Trump DOL Offers Guidance on Independent Contractor Status
Although specifically addressing the caregiver registry industry, the Department of Labor’s Field Assistance Bulletin “Determining Whether Nurse or Caregiver Registries Are Employers of the Caregiver” offers general insight into the Trump DOL’s approach to independent contractor status,
This Bulletin follows the DOL’s withdrawal last summer of a 2015 DOL Administrator’s Interpretation on the topic that had been issued under the Obama administration and that expansively asserted “most workers are employees under the FLSA’s broad definitions.” The DOL now retreats to a historical “economic reality” approach, in which it reviews the “totality of the circumstances to evaluate whether an employment relationship exists.”
In determining whether a caregiver registry (which acts as a “matchmaker” between clients and caregivers) is the employer of the caregiver, or whether the caregiver is an independent contractor, the DOL has set forth a non-exhaustive list of factors. This list, however, offers general guidance to all employers on what are some of the factors that should be considered in the assessment of independent contractor status, as follows:
- Conducting Background and Reference Checks. The performance of basic or legally required background checks does not suggest employer status. The evaluation of other subjective criteria, however, implies the pre-selection of caregivers, which argues in favor of employer status.
- Hiring and Firing. If the client actually hires or fires the caregiver, without input from the registry as to the terms and conditions of the caregiver’s employment, this indicates that the registry is not the employer. If the registry exercises control over these functions, at the request of a client, for example, then this suggests employer status.
- Scheduling and Assigning Work. Similarly, if the client determines the work schedule and assignments for the caregiver, this indicates the registry is not the employer. On the other hand, if the registry assigns specific caregivers to a client based on its discretion and judgment, this control over the caregiver indicates employer status.
- Controlling the (Caregiver’s) Work. If the registry instructs caregivers on how to provide services, or monitors their work, this suggests employer status. Registries could also exercise control indicative of employment by limiting the number of clients or hours served by the caregiver, prohibiting the caregiver from registering with other registries, or prohibiting the caregiver from working directly with clients outside the registry.

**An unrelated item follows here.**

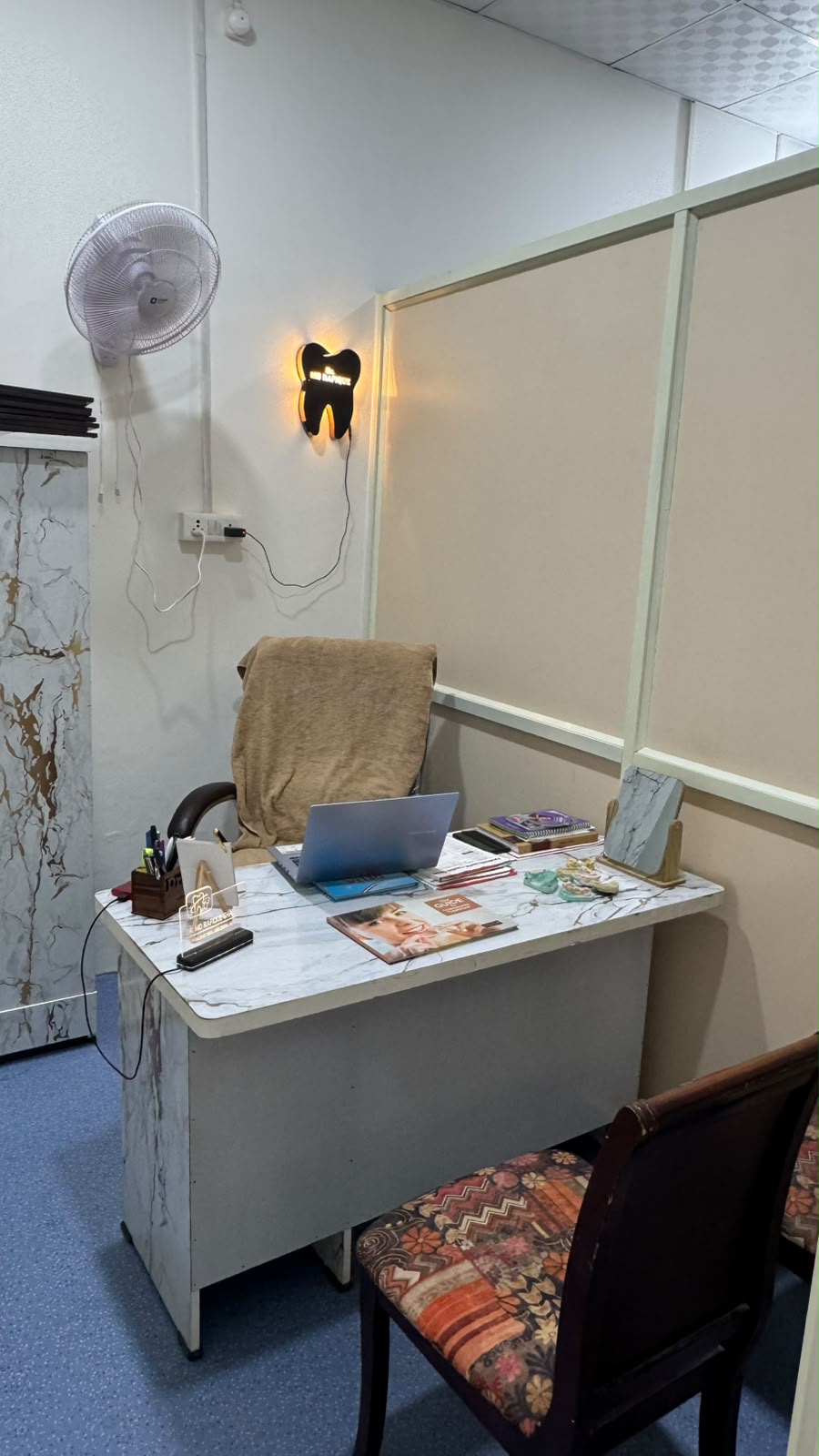 Consultation room with dental models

- Setting the Pay Rate. If the registry is not determining the rate of pay, this indicates the lack of an employment relationship. The registry can provide advice about appropriate pay rates derived from market information. It may also act as a liaison between the caregiver and client by relaying offers and counteroffers.

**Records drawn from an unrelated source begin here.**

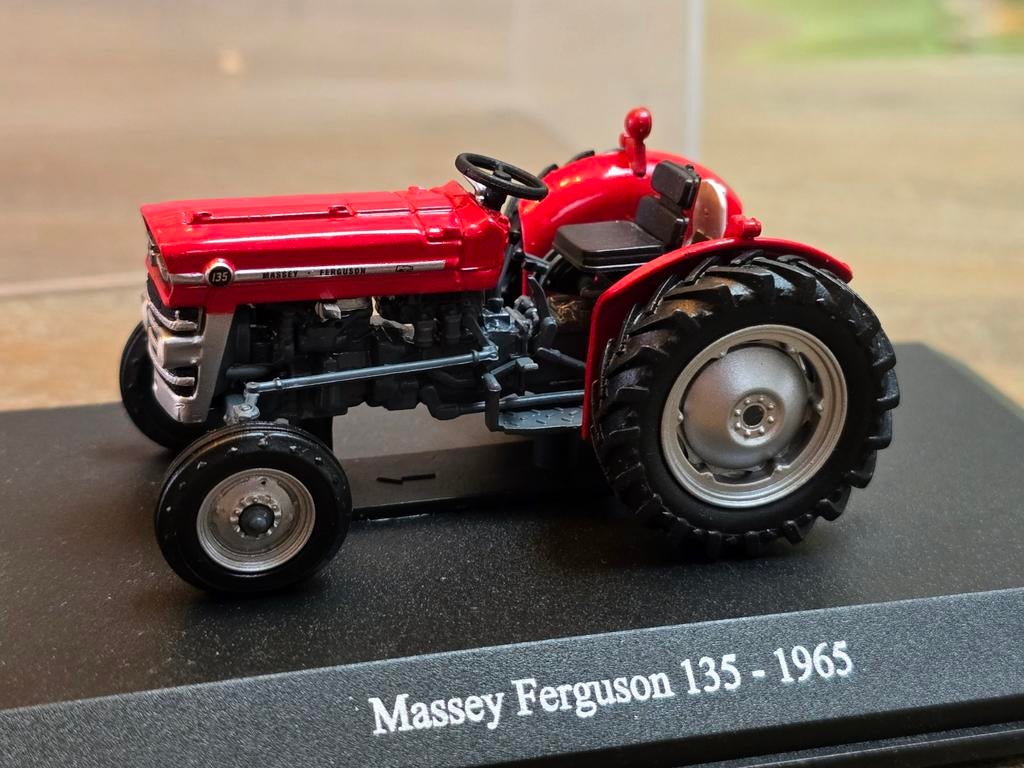 Weise Toys Massey Ferguson 135 Tractor Schaalmodel 1:32, Hobby en Vrije tijd, Modelauto's | 1:32, Nieuw, Tractor of Landbouw, Ophalen of Verzenden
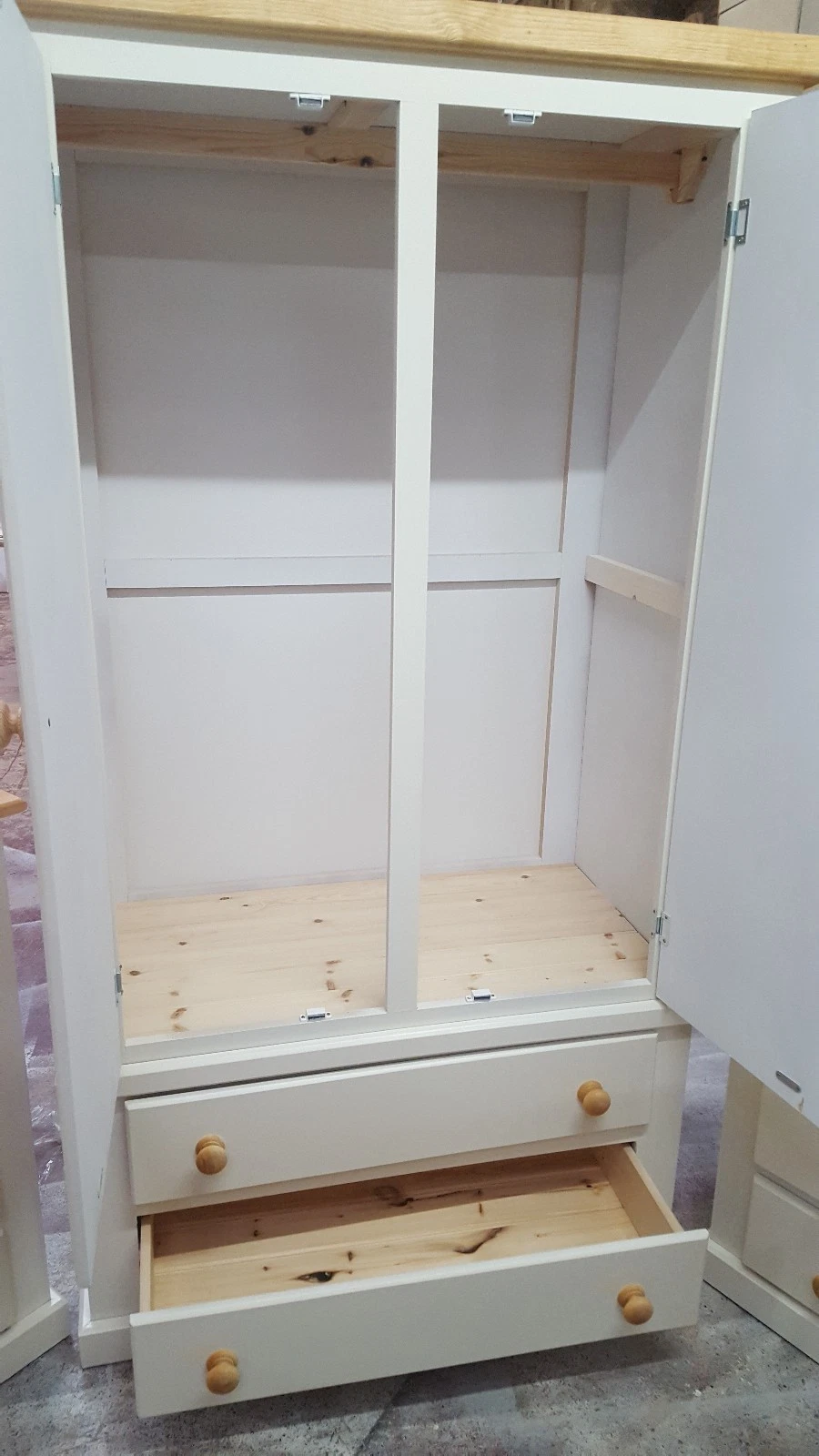 Picture 3 of 6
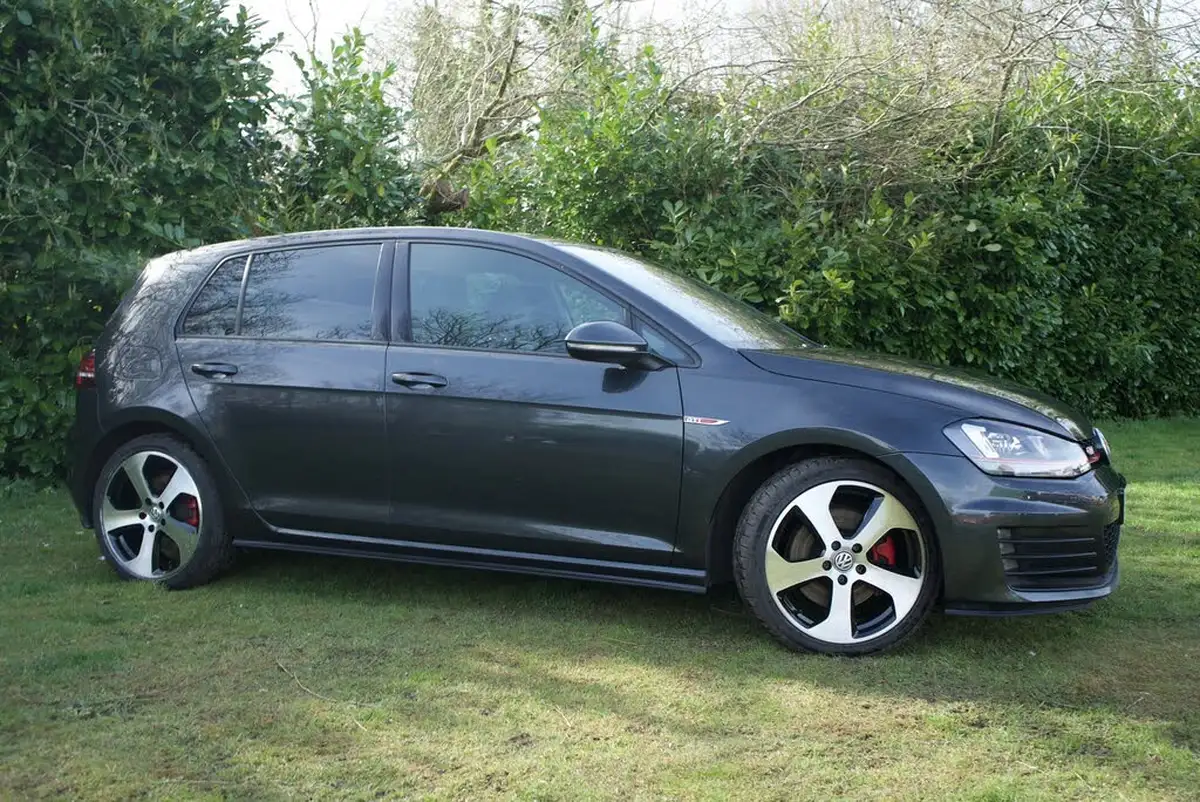 2016-volkswagen-golf-20-tsi-gti-220ps-hatchback-5d-big-22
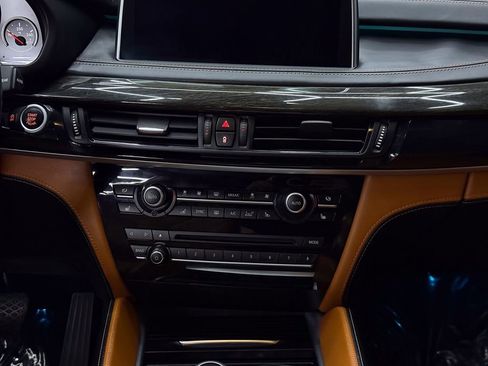 Used 2015 BMW X5 M image 24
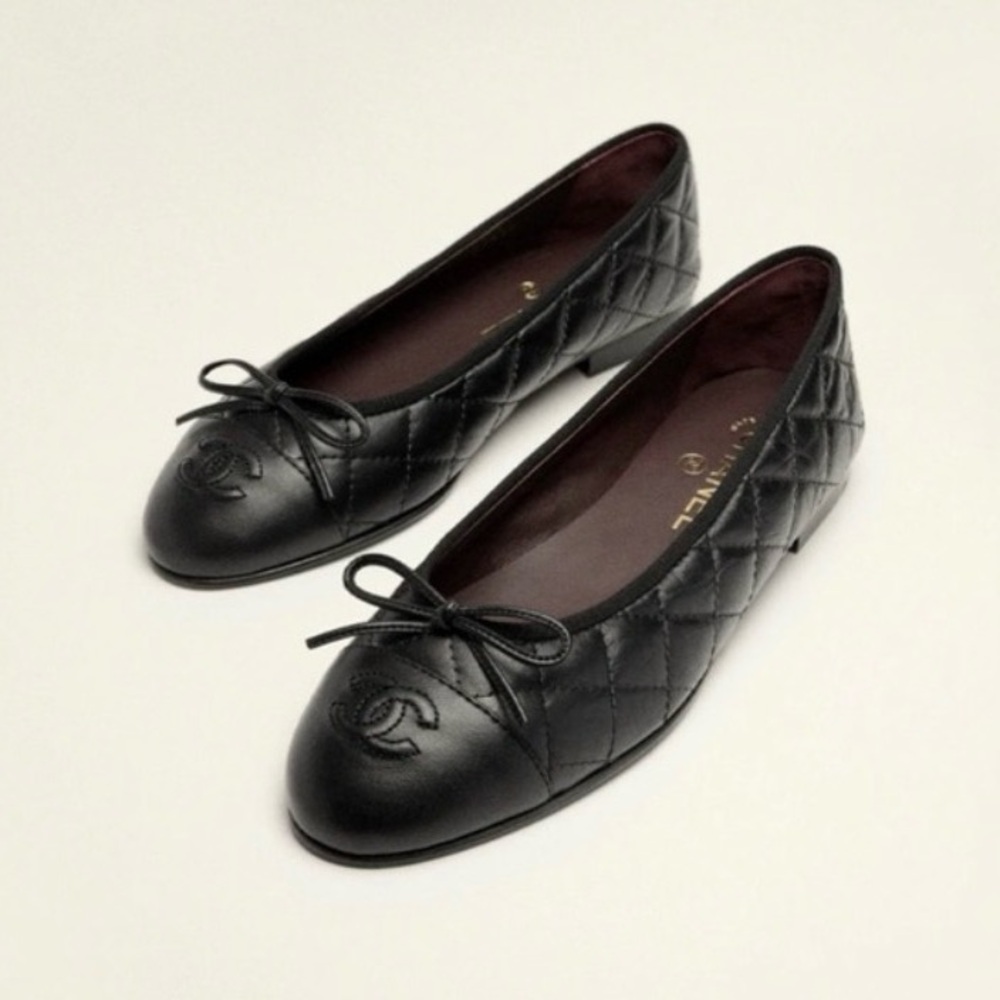 **SOLD** CHANEL Aged Calfskin Ballet Flats size 40 US 9 Brand New In Box $1125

- Receiving Continuous Payments for (Caregiver) Services. Fees based on an initial referral or administrative efforts are not indicative of employer status; fees based on hours worked by the caregiver are so indicative.
- Paying Wages. A registry may perform payroll-related functions without creating an employer relationship, as long as the wages are paid directly by the client or through an escrow fund. Payment of funds directly by the registry, even if reimbursed by the client, however, indicate employer status.
- Tracking (Caregiver) Hours. Tracking and independently verifying time worked indicates employer status. The collection of timesheets for purposes of payroll processing does not implicate employer status.
- Purchasing Equipment and Supplies. If the registry purchases equipment for the caregiver, or directs the purchase of specified equipment and supplies, or pays for licensing and training, this suggests employer status.
- Receiving EINs or 1099s. The fact that a caregiver has an Employer Identification Number (EIN) or receives 1099s from the registry is not determinative of independent contractor status.